What you have to do>
For this exercise, retype the lines from the one that holds "Webcam in Marina" through the one that holds "泰國連線限定 🇹🇭 TOP系列 1" in the records below, both included, exactly and without pictures.

Data for analysis>
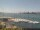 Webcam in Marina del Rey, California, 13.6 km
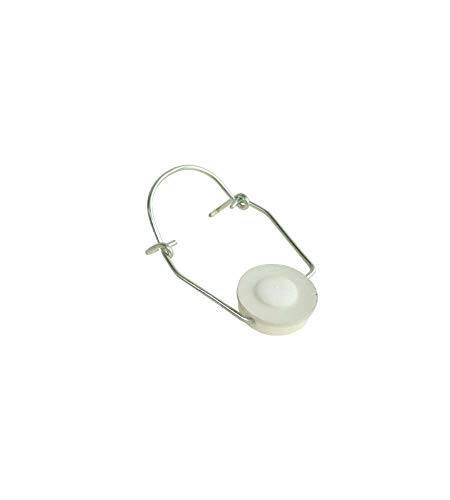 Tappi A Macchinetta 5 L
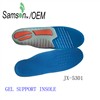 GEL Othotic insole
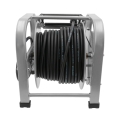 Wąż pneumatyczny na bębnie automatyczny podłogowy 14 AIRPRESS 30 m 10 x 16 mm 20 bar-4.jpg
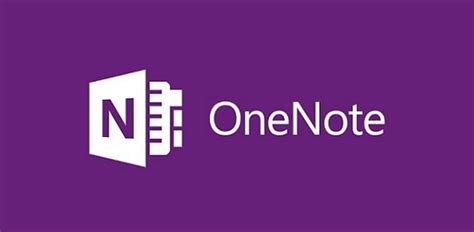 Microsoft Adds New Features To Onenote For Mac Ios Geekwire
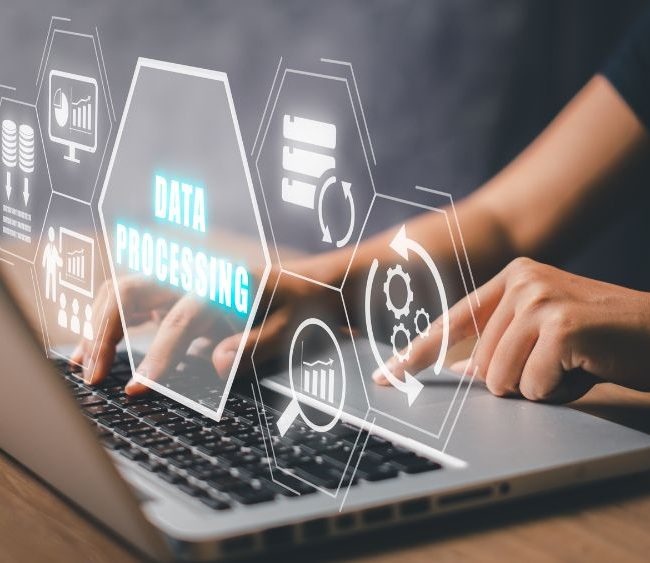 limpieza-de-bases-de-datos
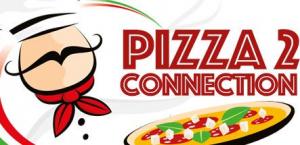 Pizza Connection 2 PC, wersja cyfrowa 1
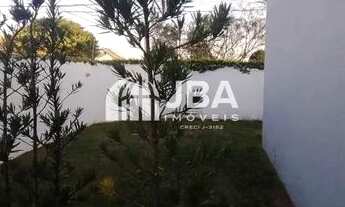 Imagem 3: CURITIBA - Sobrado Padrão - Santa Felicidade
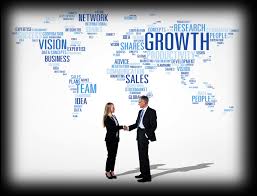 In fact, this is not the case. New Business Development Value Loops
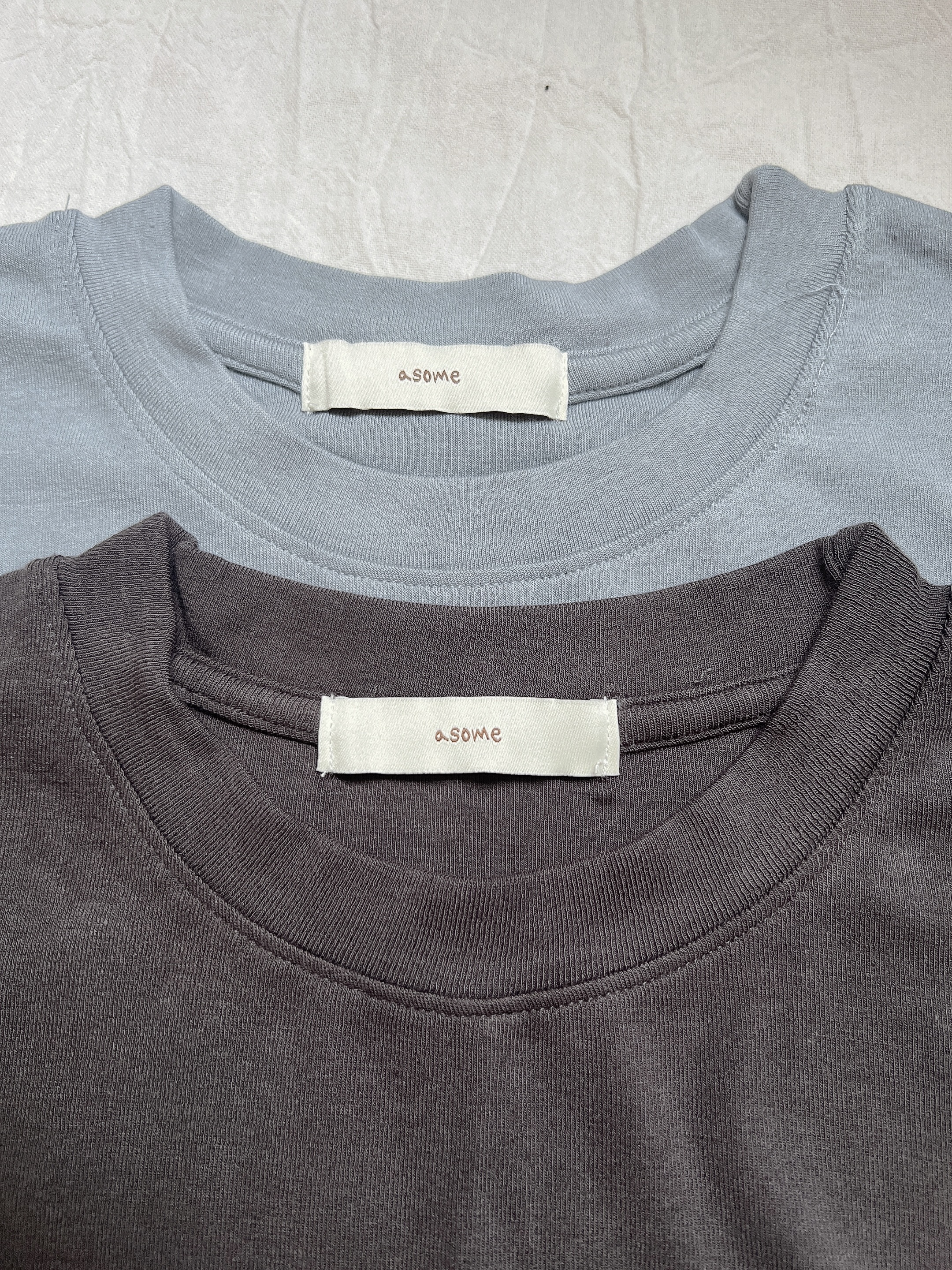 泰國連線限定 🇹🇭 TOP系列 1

...

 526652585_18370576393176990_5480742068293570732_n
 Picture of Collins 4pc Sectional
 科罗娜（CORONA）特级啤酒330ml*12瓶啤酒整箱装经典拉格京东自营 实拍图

---

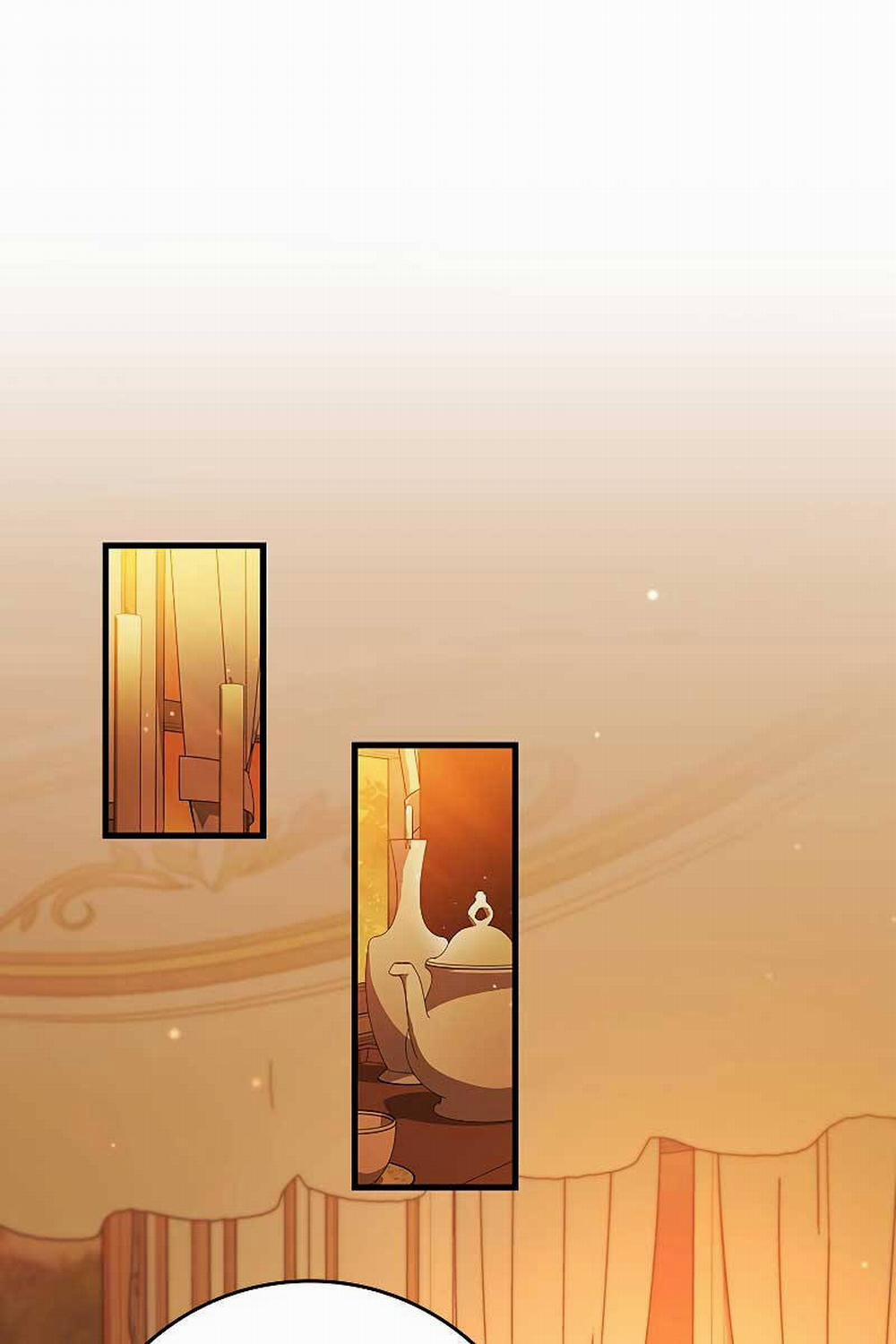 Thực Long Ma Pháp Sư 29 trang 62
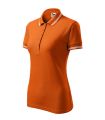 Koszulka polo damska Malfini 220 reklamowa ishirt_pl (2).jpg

Solution to this problem>
 Webcam in Marina del Rey, California, 13.6 km
 Tappi A Macchinetta 5 L
 GEL Othotic insole
 Wąż pneumatyczny na bębnie automatyczny podłogowy 14 AIRPRESS 30 m 10 x 16 mm 20 bar-4.jpg
 Microsoft Adds New Features To Onenote For Mac Ios Geekwire
 limpieza-de-bases-de-datos
 Pizza Connection 2 PC, wersja cyfrowa 1
 Imagem 3: CURITIBA - Sobrado Padrão - Santa Felicidade
 In fact, this is not the case. New Business Development Value Loops
 泰國連線限定 🇹🇭 TOP系列 1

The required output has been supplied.